The concept of limited working hours in a day and week is one which has global consensus and following. The International Labour Organisation established this general rule through its Hours of Work (Industry) Convention, 1919, and adopted certain proposals for applying the principle of the 8-hours day or of the 48-hours week. India, then under British Rule, ratified this Convention on 14.07.1921.
Apart from the health aspect, a worker must be given time to attend to his familial and social obligations, and undertake any leisurely or social activity, or generally do what he will in the free time given to him. This serves to alleviate work pressure and allows the worker to be mentally and physically prepared for his work.

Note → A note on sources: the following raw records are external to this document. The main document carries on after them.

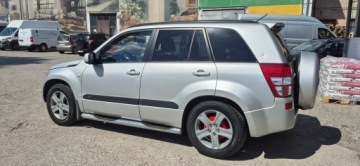 Suzuki Grand Vitara II SUV 1.9 DDiS 129KM 2007 SUZUKI GRAND VITARA II 1.9 DDiS 4x4 Napęd na 4 koła 129 KM, zdjęcie 5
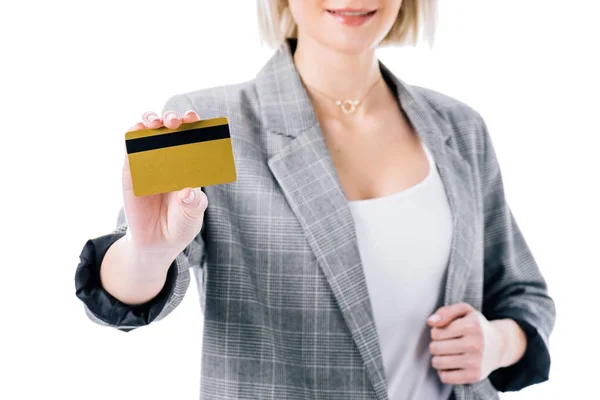 Vista Recortada Empresária Apresentando Cartão Crédito Dourado Isolado Branco — Fotografia de Stock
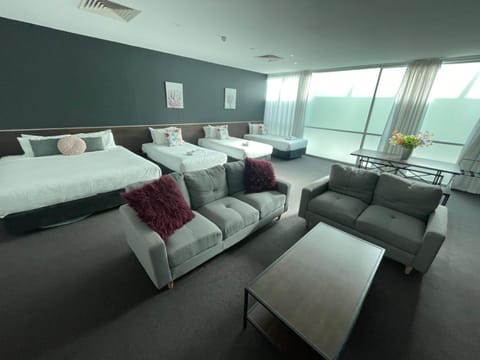 Sfera's Park Suites & Convention Centre Hotel in Adelaide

Since the worker is expected to work with dedication for his employer, family tensions, tendencies to drink excessively or gamble, or taking up work elsewhere can easily affect the working of the worker for his employer. Hence, double employment or taking up work elsewhere apart from the primary employer can constitute misconduct and grounds for disciplinary action. However, the employer must be vigilant to ensure that double employment within the meaning of either the Factories Act and the Shops and Establishments Acts does not take place, since obligations are placed on the employer, and failure to show that reasonable precautions have been taken to prevent double employment could prejudicially affect an employer’s case of misconduct on the part of the worker/employee.
As a practice, an employer should inform workers and employees through means normally adopted by the employer to give information to all employees (such as the notice board, office policies, office memos, on the website of the employer, etc.) that as a policy, the employer factory / establishment does not authorize any employee to accept employment or even honorary work for remuneration / honorarium unless written permission of the Management is obtained. This can keep the worker and employees aware of the policies and also serves as a necessary protection to the employer from issues in this regard.